Temperature: The Oxygen Squeeze

Water temperature creates a cruel paradox for fish farmers. As water warms, it holds less dissolved oxygen — saturation drops from 10 mg/L at 15°C to 7 mg/L at 35°C. But fish are ectotherms: their metabolism accelerates with temperature, demanding more oxygen precisely when less is available. This thermal squeeze makes summer the most dangerous season for aquaculture, especially in tropical regions.

Aeration Engineering

Mechanical aerators — paddlewheels, aspirators, diffusers — transfer atmospheric oxygen into pond water. The oxygen transfer rate depends on the device type, water depth, and the existing oxygen deficit. Paddlewheel aerators are the workhorse of pond aquaculture, achieving 1–2 kg O₂/kW·h. In ultra-intensive systems, liquid oxygen injection can achieve 90%+ transfer efficiency, enabling biomass densities exceeding 50 kg/m³.

Modeling DO Balance

This simulation tracks the dynamic equilibrium between oxygen supply (atmospheric diffusion plus mechanical aeration) and oxygen demand (fish respiration plus sediment oxygen demand). Adjust temperature, biomass, aeration rate, and pond depth to find the operating envelope that keeps DO safely above critical thresholds throughout a 24-hour cycle.

FAQ

What dissolved oxygen level do fish need?

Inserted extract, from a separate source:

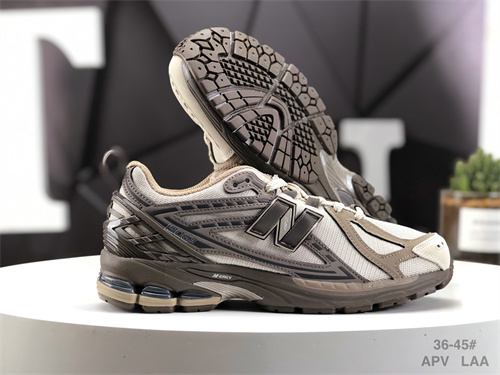 New Balance Shoes-W-0884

Most cultured freshwater fish require at least 5 mg/L for healthy growth. Below 3 mg/L is considered hypoxic and lethal for many species. Cold-water species like trout need 6–8 mg/L, while warm-water tilapia can tolerate down to 3–4 mg/L briefly.

Why does temperature affect dissolved oxygen?

Oxygen solubility in water decreases as temperature rises — at 15°C, saturation is about 10 mg/L, but at 35°C it drops to around 7 mg/L. Simultaneously, fish metabolic rates and oxygen consumption increase with temperature, creating a double squeeze.

How much aeration does a fish pond need?

A general guideline is 1–2 kg O₂ per hour per tonne of fish biomass. Intensive systems (>20 kg/m³) may require pure oxygen injection rather than mechanical aeration, which typically achieves only 1–3 kg O₂/kW·h transfer efficiency.

When is dissolved oxygen lowest in a pond?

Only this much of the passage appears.